ストーリー・オブ・マイライフ

 

メディア論の名著30 (ちくま新書)

メディア論の名著30 (ちくま新書)

 

 

本書はメディア史家である私が、自らの研究で本当に役に立った書物を読者に開示することを目的としている。世間一般の人気投票的な選書ではなく、かなりわがままな選書である。それにもかかわらず、選書には苦労した。「メディア論」の対象範囲よりも、「名著」の定義と「30」という冊数に絞り込むのが難しかった。何を「メディア論」と呼ぶかも人それぞれだろうが、私の基準ははっきりしていた。

一、メディア論とは比較メディウム論である。つまり、狭義な新聞論、テレビ論など個別メディウムに関する書物は除く。

二、メディア論とはメディア史である。つまり、純粋な理論研究、フィールド研究は除く。

三、メディア論は長い射程の文明論である。つまり、選挙分析など短期的な調査研究は除く。

 この3つの条件でかなり絞り込めたが、そもそも何を「名著」と呼ぶべきか、その定義ははっきりしない。

 

「なぜ私はメディア史家になったのだろうか。中学と高校での2つの出来事が思い起こされる」。

「私が大学に入った1980年当時、まだ『左翼』はほどほどにカッコよかった。少なくとも知的に見えた」。

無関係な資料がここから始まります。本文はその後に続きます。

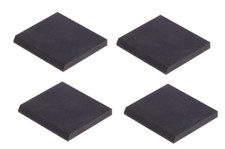 Gast Replacement Vanes AB992B K223 Repair Kit 0822 1022 1040 Rotary Vane Parts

ミュンヘン大学留学時代、雨の降る日が楽しみだった」。

 各章の書き出しからいくつかを抜粋、そこにあるのは「私」と「私」とあと「私」、『メディア論の名著30』との表題からすれば、いかにも当惑を誘うような記述が連なる。この手のテキストにおいて通常展開されていくものといえば定説的、総花的な内容紹介、それらとはあまりに趣の違う筆致に少なからず面食らわずにはいられない。

「私」をめぐるこの語り、軽やかなイントロダクションを演出するために用いられているわけでもない。そこに託された意図の一端は間もなく明らかにされる。

「卒論執筆で一番困ったのは、新聞や雑誌の研究方法が皆目わからなかったことである。京都大学にはメディア研究の講座も教員も存在しなかった」。

 そもそもにおいて、少なくとも筆者の周辺に「メディア論」なるものがその輪郭すら持たなかった時代、そしてそれはまたニュー・アカデミズム華やかなりし時代、もし漠と思い描くその対象が未だ存在しないのならば、「私」が「自分で考えSelbstdenken」ればいい、考えるしかない。散り散りに書庫に眠れるテキストが、「私」という読者を通じて、「メディア論」として結ばれていく、その過程が「名著」たる資格を規定する以上、必然このテキストは「私」について語るほかない。

 読む―読まれる、双方向性への開きが「名著」を「名著」たらしめる、「私」を「私」たらしめる。本作の何が圧巻といって、『輿論と世論』や『815日の神話』を物した「私」への個的関心をはるか凌駕して、書物なるメディアが必ずや宿すだろう相互作用への自己言及構造をなしている点にある。

 W.リップマンに言わせれば、「われわれはたいていの場合、見てから定義しないで、定義してから見る」。こうして確立される「ステレオタイプ」が「権力による情報操作やプロパガンダを容易に」してしまう民主主義の黄昏に際して、それに抗う術として「ステレオタイプ」を逃れる作法としての読書の存在が示唆されるのは、ほとんど必然的な進行ともいえる。テキストを開くその都度、「名著」が「名著」であることの自明性、「メディア論」が「メディア論」であることの自明性、「私」が「私」であることの自明性が揺さぶられる。「ステレオタイプ」に操縦されない「公共性」の中心に「読書する公衆」を据えたJ.ハーバーマスの議論への応答として、この「私」ほどに見事な作法を寡聞にして知らない。

「読書のパラドックスは、自分自身に至るまでには書物を経由しなければならないが、書物はあくまで通過点でなければならないという点にある。良い読者が実践するのは、さまざまな書物を横断することなのである。良い読者は、書物の各々が自分自身の一部をかかえもっており、もし書物そのものに足を止めてしまわない賢明さをもち合わせていれば、その自分自身に道を開いてくれるということを知っているのだ」。

 この引用元であるP.バイヤール『読んでいない本について堂々と語る方法』についてはあいにく私のあずかり知るところではない、従って、このことばがいかなる文脈から紡ぎ出されたものなのかについては何らの想定も持たない。しかし、この『メディア論の名著30』の議論をくぐり抜けてきたその総括にあたってこの言明が引かれる必然は十二分に了承される。

「『本との出会い』はなによりも読者が『自伝』を書くためのプロセスだからである」。

 そしてその「私」とテキストをめぐる「プロセス」は決して終わりを持たない、それはちょうど「メディア論」が「『メディアの理解』としては不可能であり、『メディアの歴史』としてのみ成立する」ように。